Nos últimos anos, uma silenciosa deformação no sistema de justiça civil tem se consolidado nos tribunais brasileiros: a banalização do dano moral. Sob a justificativa de coibir a “indústria da indenização”, juízes e tribunais, em especial o STJ e o TJSP, vêm sistematicamente reduzindo os valores de condenações, mesmo diante de ofensas graves à dignidade da pessoa humana. O resultado é perverso: direitos violados são reconhecidos, mas indenizados de forma simbólica.
Estamos diante de uma perigosa inversão de valores. O dano moral, que deveria cumprir papel reparatório e pedagógico, tornou-se um instrumento desidratado, esvaziado de efetividade. Consumidores humilhados, pacientes com tratamentos negados por planos de saúde, trabalhadores assediados, famílias expostas a situações vexatórias — todos recebem decisões que reconhecem o sofrimento, mas lhe atribuem preços incompatíveis com a realidade vivida.
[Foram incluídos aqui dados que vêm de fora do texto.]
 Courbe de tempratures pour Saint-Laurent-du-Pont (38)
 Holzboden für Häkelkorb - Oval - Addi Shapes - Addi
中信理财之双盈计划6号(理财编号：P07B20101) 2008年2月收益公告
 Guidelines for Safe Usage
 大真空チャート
Indenizações fixadas entre R$ 1.000 e R$ 5.000 passaram a ser o novo padrão informal da jurisprudência, independentemente da gravidade da conduta ofensiva. Quando muito, o valor atinge R$ 10 mil em situações extremas. Os tribunais justificam esse rebaixamento dizendo que o dano moral não pode ser “fonte de enriquecimento” nem “mercantilização da dor”. Ora, desde quando o acesso à Justiça e a devida reparação se confundem com enriquecimento ilícito? Essa retórica é um salvo-conduto para que grandes empresas continuem abusando da população, com a certeza de que o custo judicial será insignificante.
O que está em curso, na prática, é a normalização institucional da impunidade civil. Em vez de coibir condutas lesivas, a jurisprudência atual estimula reincidências, pois o dano causado se torna financeiramente vantajoso para o ofensor. A vítima, por outro lado, arca com o custo emocional, processual e, muitas vezes, financeiro, apenas para ver sua dor precificada como se fosse uma taxa simbólica de frustração.
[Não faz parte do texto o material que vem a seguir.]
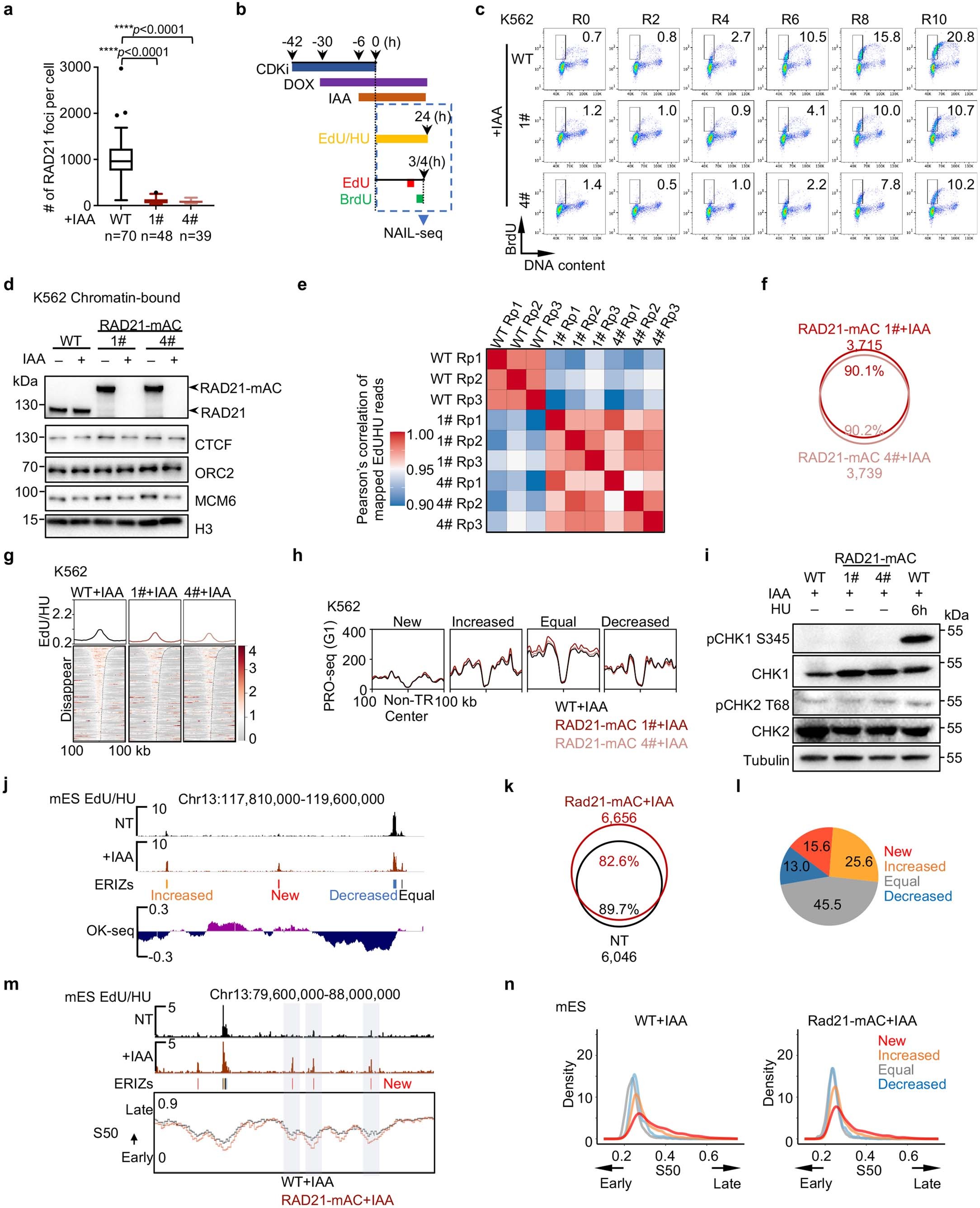 Extended Data Fig. 7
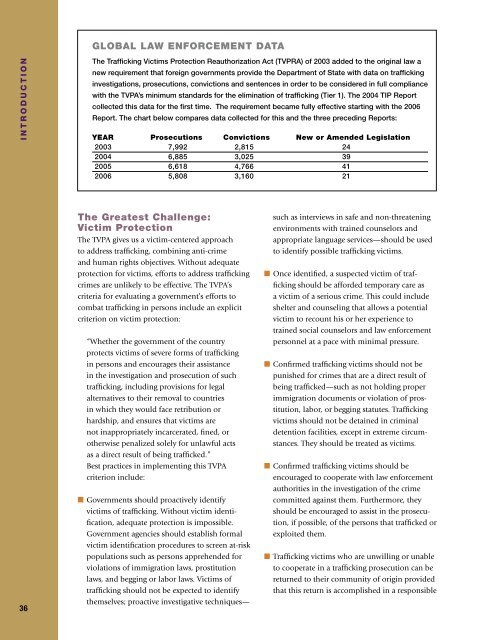 2007 Trafficking in Persons Report - Center for Women Policy Studies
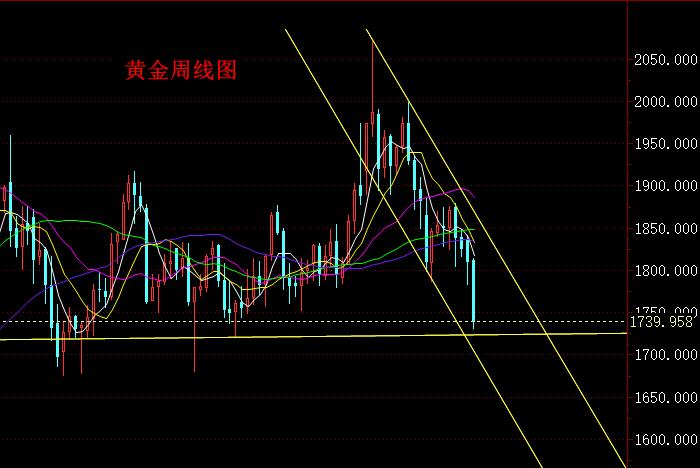 黄金周线图.jpg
Não se nega que haja demandas oportunistas no Judiciário — como em qualquer sistema —, mas isso jamais pode justificar o sacrifício do instituto do dano moral em sua totalidade. É dever do Judiciário separar o joio do trigo, não deslegitimar o trigo por medo do joio. Generalizações são perigosas, e o discurso do “combate à indústria do dano moral” tem servido de escudo ideológico para decisões que, muitas vezes, se afastam do princípio da dignidade da pessoa humana e da função preventiva do Direito Civil.
Além disso, a desvalorização das indenizações contribui diretamente para o aumento das desigualdades no acesso à Justiça. O cidadão comum, já vulnerável, vê cada vez menos sentido em recorrer ao Judiciário para reparar um abuso. Afinal, o custo emocional e temporal da ação não compensa uma indenização que não cobre nem o transporte até o fórum.
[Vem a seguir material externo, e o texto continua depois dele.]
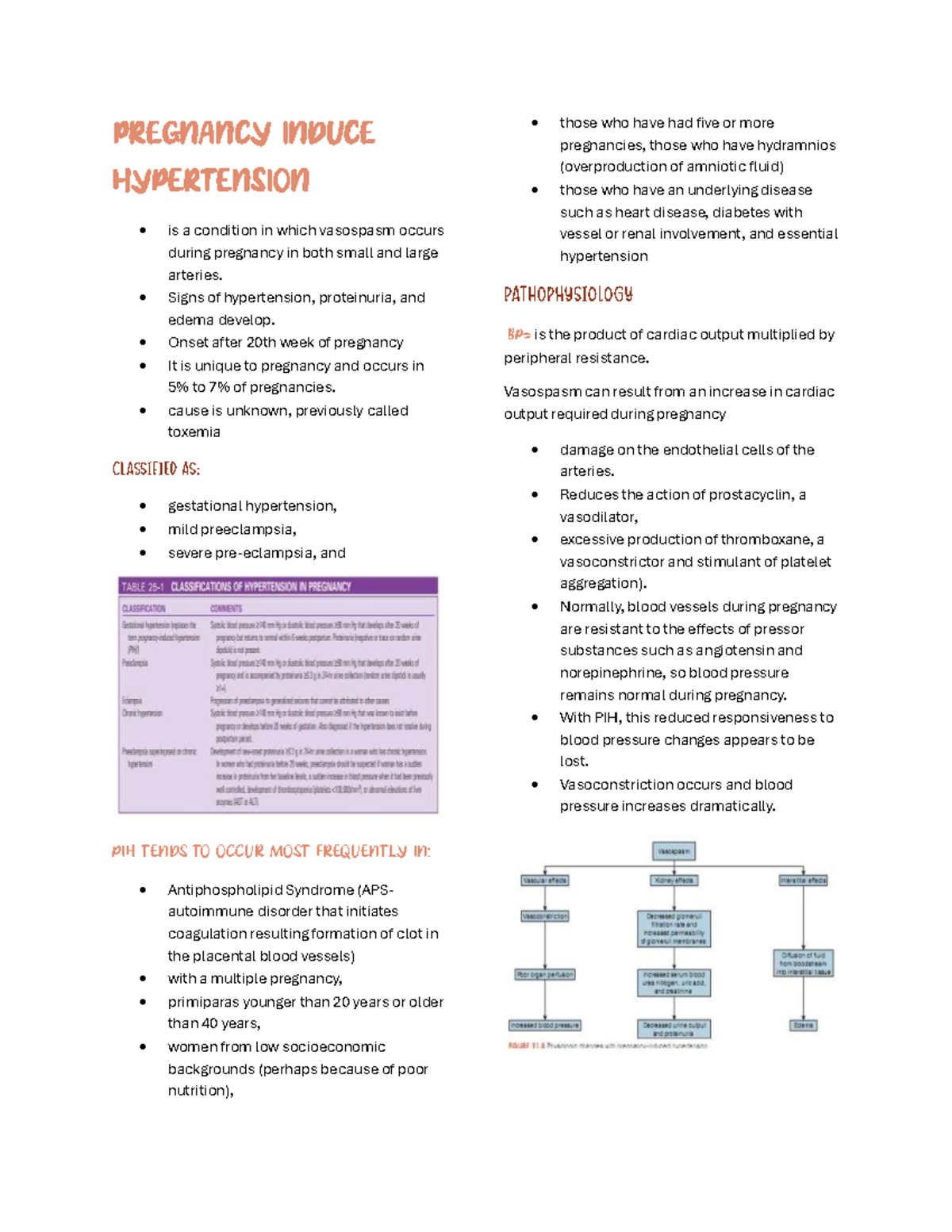 PIH 2nd Midterm Study Notes: Pregnancy-Induced Hypertension Insights ...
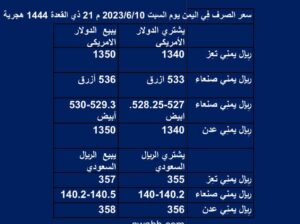 سعر الصرف فِي اليمن يوم السبت 2023/6/10 م 21 ذي القعدة 1444 هجرية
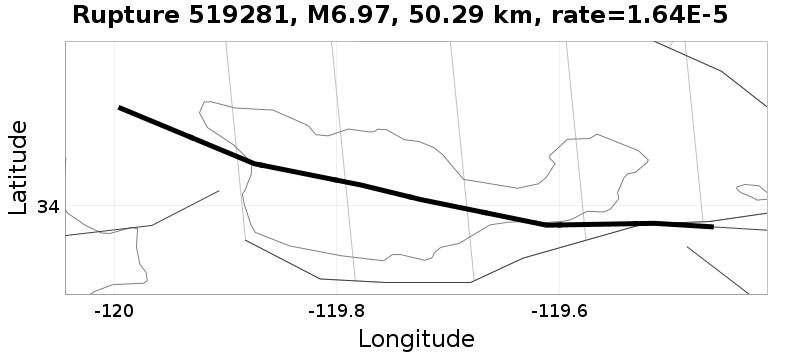 Rupture 519281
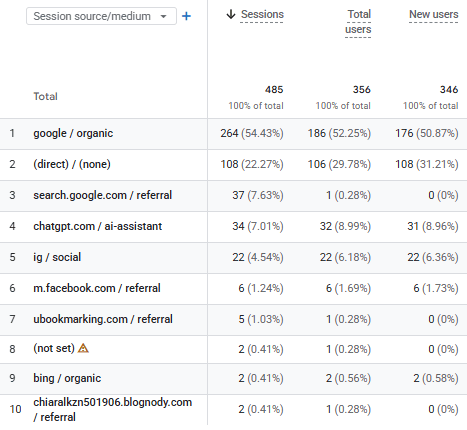 Search Console Growth Chart 3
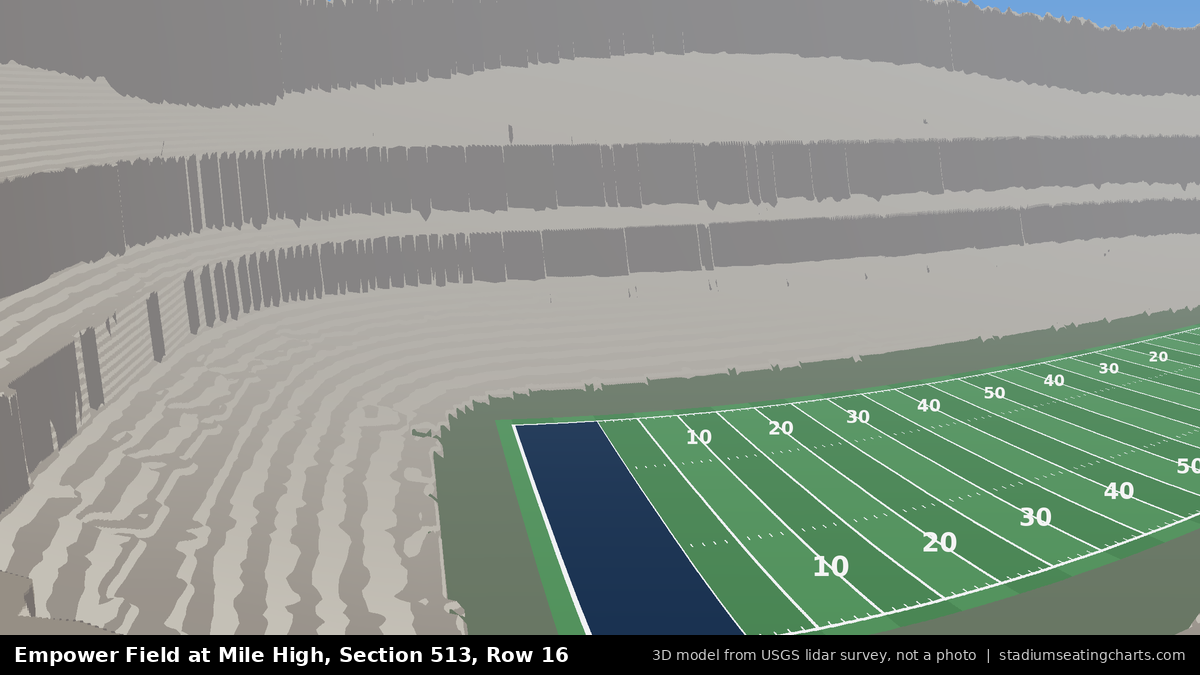 View from Empower Field at Mile High Section 513, Row 16, looking toward the field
É preciso que os operadores do Direito — especialmente a magistratura — façam uma autocrítica profunda sobre o papel da jurisdição na proteção dos direitos fundamentais. O dano moral precisa voltar a cumprir sua função: compensar a dor real de pessoas reais, e inibir a conduta reiterada de quem viola direitos com frieza corporativa.
A Justiça não pode ser cúmplice do desrespeito. E não pode continuar tratando a dor dos brasileiros como um número irrelevante em uma planilha de precedentes.